The speedups of the AES hardware accelerated implementations for the three cipher modes is shown in Fig. 5 for the encryption and decryption processes. The ECB and CBC ciphers only achieved a speedup of about 1.3 for encryption and 1.1 for decryption. The reason these ciphers did not achieve a significant speedup is mainly attributed to the use of the non-pipelined AES core. This core forced the encryption and decryption to operate on one state matrix at a time which created a major bottleneck in the hardware implementation. Therefore, the latency involved with encrypting/decrypting a state matrix in the nonpipelined core is the main contributing factor to the lack of speedup in the hardware implementation of the ECB and CBC ciphers. The CTR cipher, on the other hand, did experience significant speedup for the hardware implementation over the OpenSSL software implementation. It achieved a speedup between 6 and 7 for encryption and about 6 for decryption. The CTR cipher achieved significant speedup because it uses the pipelined AES core so it is capable of encrypting/decrypting the state matrix in a single clock cycle once it's received from the processor. It can do this because the encrypted values from the initialization vector and counter value are pre-computed and buffered. The bottleneck for the CTR cipher becomes the AXI4 bus because there has to be four write transactions to create a complete state matrix for the algorithm to operate on so the AES logic must idle while it waits for the state matrix. The speedup for all the ciphers for file sizes less than or equal to 128 KB was less than 1. The reason for the slower execution times for these file sizes is due to the latency involved with launching the threads used to stream data to and from the FPGA or the data size is too small to hide the latency of the bus transfer. This further illustrates that the hardware implementation of these cipher modes did not achieve substantial performance improvements. It is expected that the hardware implementation of these ciphers experienced roughly the same throughput because they used the same AES core. The CTR cipher achieved a throughput of about 55 MB/s for the OpenSSL implementation and about 350 MB/s for the hardware implementation. This was expected since the CTR hardware implementation was fully pipelined and should not have experienced the same data streaming stalls the ECB and CBC modes did. As noted, the FPGA clock rate was limited to 100 MHz. 

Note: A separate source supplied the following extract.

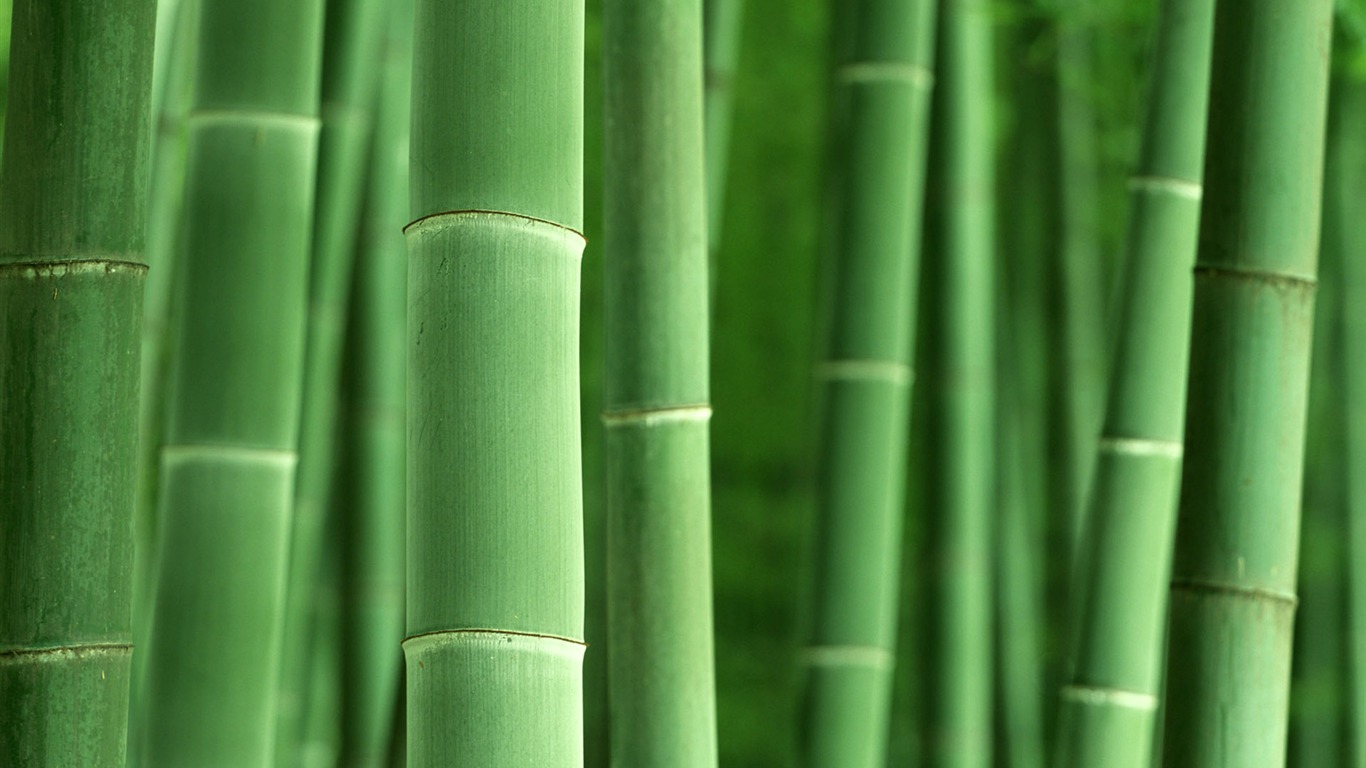Verde álbumes fondo de pantalla de bambú #8 - 1366x768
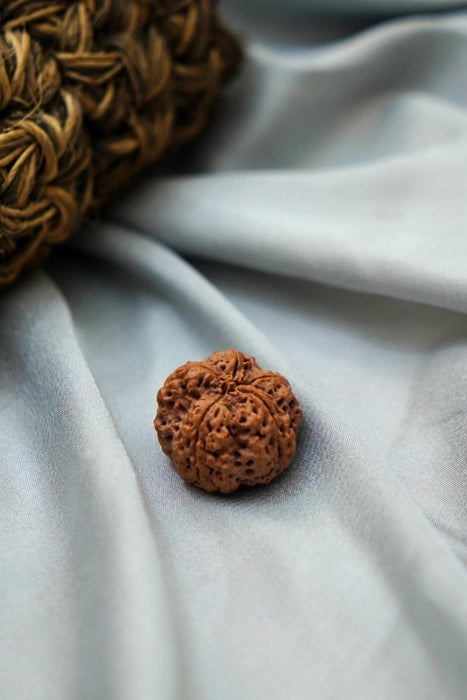 5 Mukhi Rudraksha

CONCLUSIONS AND FUTURE WORK
The AES ECB, CBC, and CTR ciphers are implemented on the Zynq 7000 AP SoC using software and hardware implementations. The OpenSSL cryptography library is used for the software implementations of the AES ciphers, and AES cores from OpenCores and Secworks are used for the hardware implementations.

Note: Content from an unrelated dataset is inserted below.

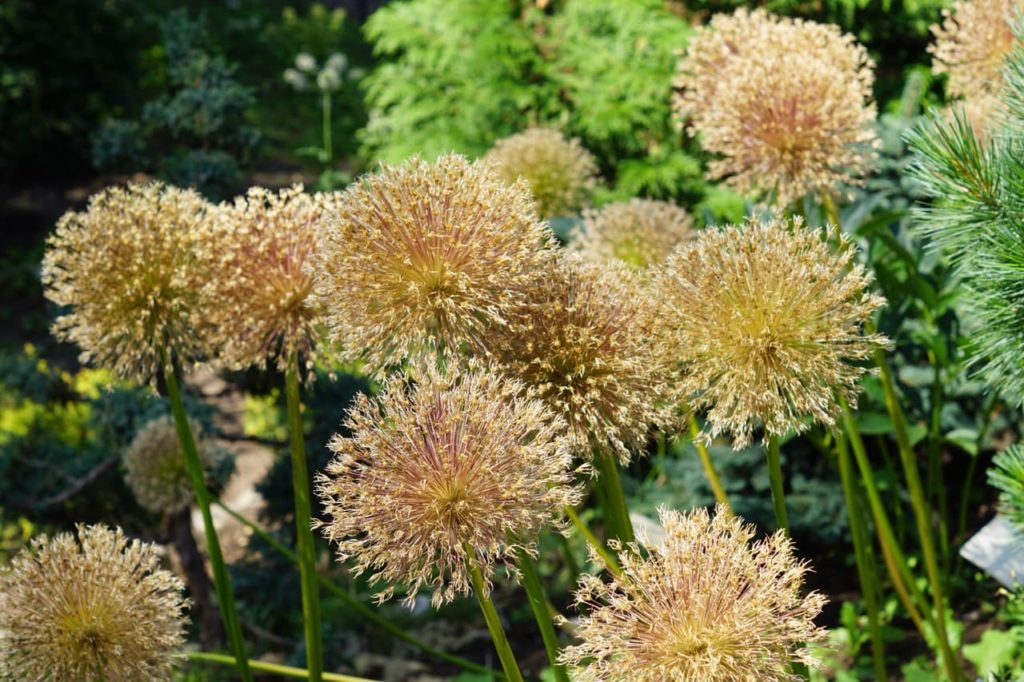 yellow wilted flowers from an allium plant with tall stems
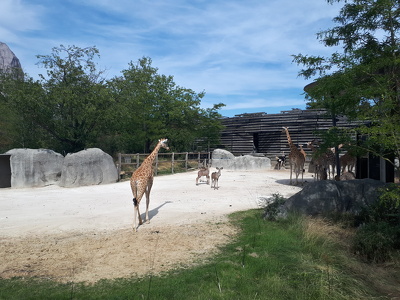 Girafes, autruches et grands koudous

File sizes ranging from 32 KB to 64 MB are encrypted and decrypted using the software and hardware implementations of three ciphers. The speedup and throughput is measured for each implementation. The results show moderate speedups for the hardware accelerated ECB and CBC ciphers; however, the CTR cipher achieves up to a 7x speedup and 350 MB/s throughput.
Some possible modifications to the design could be to increase the clock rate for the non-pipelined AES core and the AXI bus to decrease its latency of encryption or data transfers. Lastly, the design could be ported to other embedded or desktop platforms that the Xillybus IP core and driver are compatible with.